Yes, the royal baby has dropped, and guess what? It looks like Winston Churchill.

How do we know that? All babies look like Churchill:  Chubby, bald, wrinkly and grumpy.

We kid the royals, of course. We’re Americans; that’s what we do.

We fought two wars to eliminate hereditary titles and assure that smart, hard-working people wouldn’t be locked for life in a class system.

That’s why we should be concerned about the growing lack of income mobility in our own country.

Recent studies have found the U.S. is no longer the land of opportunity it once was.


Studies show that 42 percent of American men born into the bottom fifth of the income scale will remain there.

Only 25 percent of men born poor in Denmark will remain poor, and only 30 percent of British men.

Meanwhile, only 8 percent of American men born in the bottom fifth will rise to the top fifth of incomes in their lifetimes. That doesn’t compare well with 12 percent of British men and 14 percent of Danes who go from poverty to wealth.

At the other end of the scale, 62 percent of Americans born in the top fifth stayed in the top two fifths of wealth. While a similar number, 62 percent, raised in the bottom fifth of incomes stayed in the bottom two fifths.

Critics point out that first-generation immigrants are eliminated from the comparisons, and they would make our numbers look better.

Others say because we have such large income inequality in this country, it is much harder for Americans to move between the bottom and top income groups.


For instance, as the New York Times pointed out in a story in 2012, a Danish family only has to earn $43,000 more to move from the bottom 10 percent to the top ten percent. While a family in the U.S. would have to grow its income by $93,000.

One of the big differences, experts point out, is that American children are much more likely than children in other countries to grow up in a single-parent household. That tends to put those children at risk for a variety of problems that can severely limit their future earning capacity.

The U.S. also has, embarrassingly, the world’s highest incarceration rate. Living years behind bars and looking for work with a criminal record clearly cripples future earning power.

Interestingly, children born in the large middle of the income bell curve have much more mobility, meaning they are more likely to move up or down the income scale.

The “stickiness” in the U.S. comes at the very top and bottom.  Rich children become rich adults, and poor children become poor adults.

A new study last week showed that when it comes to income mobility, location really matters.


It even matters in Maine, which the study broke into four large zones. Mobility was the best in York County, which was equal to that in adjacent New Hampshire.

Things got a little worse in the counties between Cumberland in the south and Somerset and Waldo in the north and east — the area including Androscoggin, Franklin and Oxford counties.

Things got a degree worse in Piscataquis, Penobscot and Hancock counties, then got even worse in Washington County.

The researchers produced a map of the U.S. broken into about 700 zones based upon the likelihood of income mobility.

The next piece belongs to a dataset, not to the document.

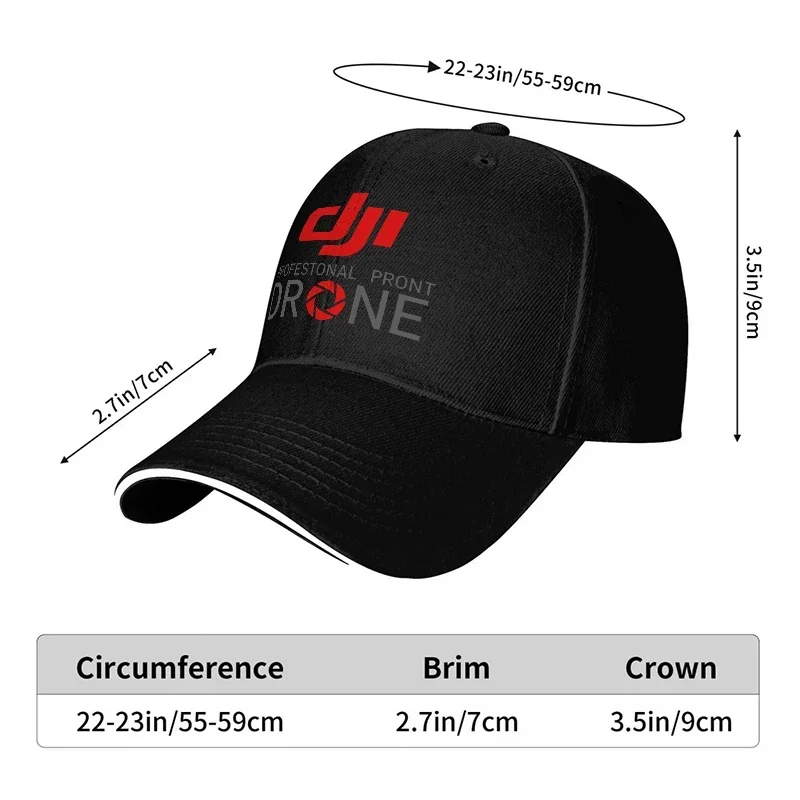 새로운 DJI 프로페셔널 드론 로고 야구 모자 블랙,  - Embroidery Design Logo 리뷰 및 가격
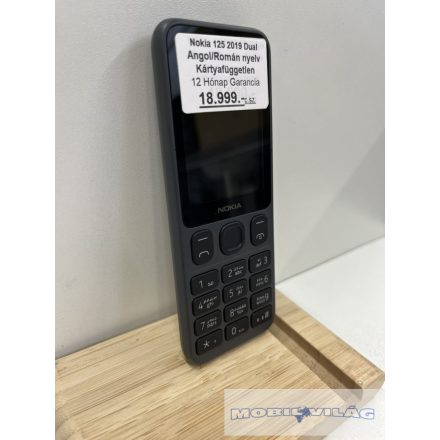 Nokia 125 Dual Kártyafüggetlen fekete színben Angol/Román nyelv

The most striking feature of the map?  Income mobility is terrible across the Cotton Belt, including Alabama, Georgia, Louisiana, Mississippi plus North and South Carolina, the worst in the U.S.

Things are nearly as bad in Tennessee, Kentucky and in the area radiating out from Chicago.


The places with the best income mobility include Central and West Texas, up through the Corn Belt and into western North Dakota.

So, how big are the differences? Big.

A child raised in Eufaula, Ala.,  has a 2.4 percent chance of rising from the bottom fifth of incomes to the top fifth. Atlanta, Ga., meanwhile, is the worst big city in the U.S. for upward income mobility at 4 percent.

The odds of dramatic upward mobility are about 11 percent in southern Maine.

Respectable, but not great, especially considering an upward mobility rate of between 26 percent and 33 percent in northern Wyoming and western North Dakota, the areas in the middle of the coal, gas and oil boom.

It’s still true: Go west, young poor kid; go west!


The researchers didn’t try to figure out why income mobility varied so much.

They did note a few associations: Where poor people are concentrated, they do poorly. Where they are spread out among higher-income people, they have more upward mobility.

Second, where people stay married, their children are more likely to have upward mobility. Mobility was higher in places with good public schools and higher membership rates in religious and community groups.

For the U.S. to lose upward mobility just seems, well, un-American. That the Horatio Alger story is truer in Canada, Western Europe and, gad, England indicates there’s something going wrong at the heart of the American dream.

The opinions expressed in this column reflect the views of the ownership and the editorial board.